It's still too youthful to be at its peak, but this is legendary wine.

Stunning. The score may even end up higher.

Details: Cork, $950
Tasted: March 2015 at a trade tasting. I went back for seconds.
Best drinking: 2015-2030+
Score: 19/20, 96/100
Would I buy it? Will you buy it for me?
Buy online: Wine Searcher

Thursday, 26 March 2015

A village level white Burgundy from Olivier Leflaive kicking well above its station

Olivier Leflaive Puligny-Montrachet 2012

There are some times when you need to throw out the rules - throw out the expectations of what should be good and what should be the best and go with what tastes good.

This is one of them.

I've not always been a massive fan of Oliver Leflaive wines, but this 2012 Puligny Montrachet looked simply magnificent yesterday, sticking out amongst the 30 odd white Burgundies around it (right up to Grand Cru level they were too).

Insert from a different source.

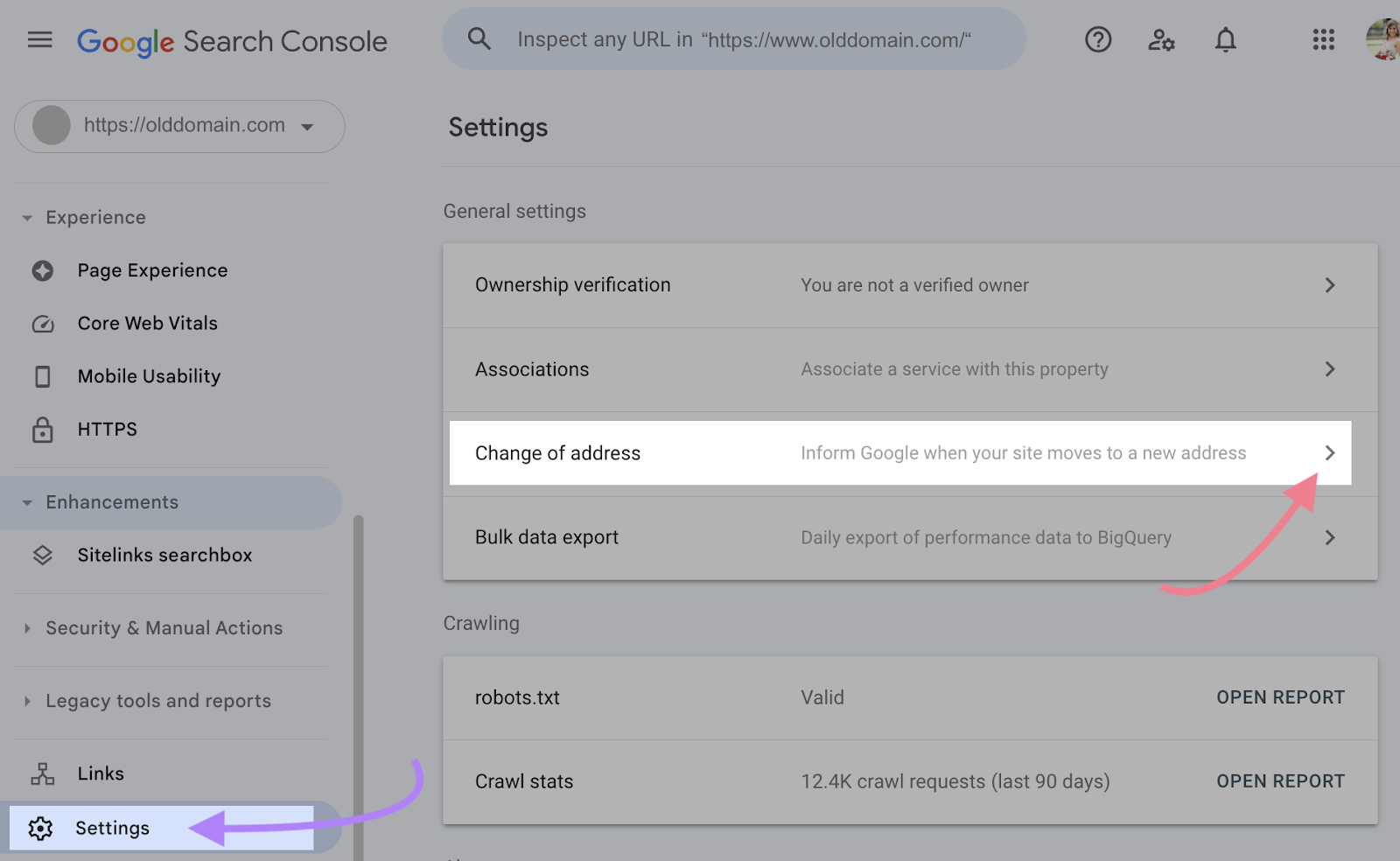 "Adressänderung" in den Einstellungen der Google Search Console ausgewählt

The reason why this village-level white worked is that the balance is near perfect. Immediately it looked more powerful, more Puligny than the premier cru Puligny around it, yet without losing minerality. It was attractive because it was more moderate and less overwrought, simply by way of being a village wine - with more controlled oak, fresher fruit and, importantly. more terroir expression to drive it along.

It's easy to get hooked into the idea that the Grand Cru/1er Cru/Village/Bourgogne pyramid is the absolute arbiter of quality, but sometimes the most balanced, most enjoyable wines don't agree. Less is indeed more, and less expectations can deliver more enjoyment.

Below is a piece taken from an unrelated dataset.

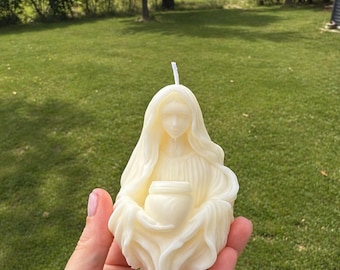 Vela de cera de soja con la Virgen María, decoración religiosa y espiritual, vela de oración católica.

Arguably this doesn't quite have the complexity, power and grace of the more fancied cru bottlings, but that balance is just impossible not to appreciate. A goldilocks wine, even.

Yes.

Details: 13%, Cork
Tasted: March 2015
Best drinking: 2015-2025
Score: 18.5/20, 94/100
Would I buy it? Absolutely.
Buy online: Wine Searcher

Wednesday, 25 March 2015

Punt Road Yarra Valley Chardonnay 2013

Punt Road Yarra Valley Chardonnay 2013


Punt Road are now sourcing from their own vineyards exclusively. A good move for quality methinks

In fact, the only thing working against this is that there is so much going on. Barrel ferment richness with an almost caramel edge and some yeastiness for good measure. The palate too is layered and full, with Golden Gaytime nutty creamy flavours before a surprisingly raw and chewy finish.

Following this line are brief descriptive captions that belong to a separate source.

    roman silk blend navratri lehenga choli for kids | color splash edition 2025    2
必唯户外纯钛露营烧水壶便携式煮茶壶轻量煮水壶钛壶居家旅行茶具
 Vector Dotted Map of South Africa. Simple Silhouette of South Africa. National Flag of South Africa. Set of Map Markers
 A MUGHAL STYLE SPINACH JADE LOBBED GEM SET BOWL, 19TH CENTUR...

The net impression is of a wine that is quite intense and worked, but just a little disjointed at present, the resolve between acid and winemaking richness not quite there yet. The complexity and depth of flavour, however, suggest that if/when it does come together this is going to be very smart stuff.

Details: 12.5%, Screwcap, $25
Tasted: March 2015 (sample bottle)
Best drinking: 2016-2022
Score: 17.5/20, 91/100+
Would I buy it? Not yet.
Buy online: Punt Road website

Vale Simon Burnell

Vale Simon Burnell

We've lost (another) keen wine intellect.

Willow Bridge Estate winemaker Simon Burnell unfortunately lost his life on Monday, killed while windsurfing at Prevelly in Margaret River.

For someone who loved the surf, it seems like the ultimate way to pass - going out the right way. Yet Simon left a serious wake behind him, evidence of which you can see all over these pages (he posted comments here often).

It seems a bit rude to be talking like this about someone who I never met in person, but given that Simon chastised me only recently for not posting enough, I figure I've got at least a little latitude.

Simon and I first conversed about four years ago. He was an avid reader of wine websites, often posting late night missives about winemaking and styles. I got the first one of those after I, typically, panned a few of his wines. Simon was quick to reply - with absolute brutal honesty - about the wines, happy to get the honest feedback and keen to stir back. That kicked off a typical pattern of emails, DMs and facebook messages where he'd argue about wine, winemaking and life, often producing an informed, contrarian view. 

Life needs more informed, clever contrarians.

More than that, wine writing is a lonely pursuit, and such feedback makes this gig much more rewarding - a wine writer reviews, winemaker responds. Simon wasn't afraid to pull punches, yet also was complimentary too - the online world can be weird and unfriendly sometimes, but it allows us also to connect with like-minded souls.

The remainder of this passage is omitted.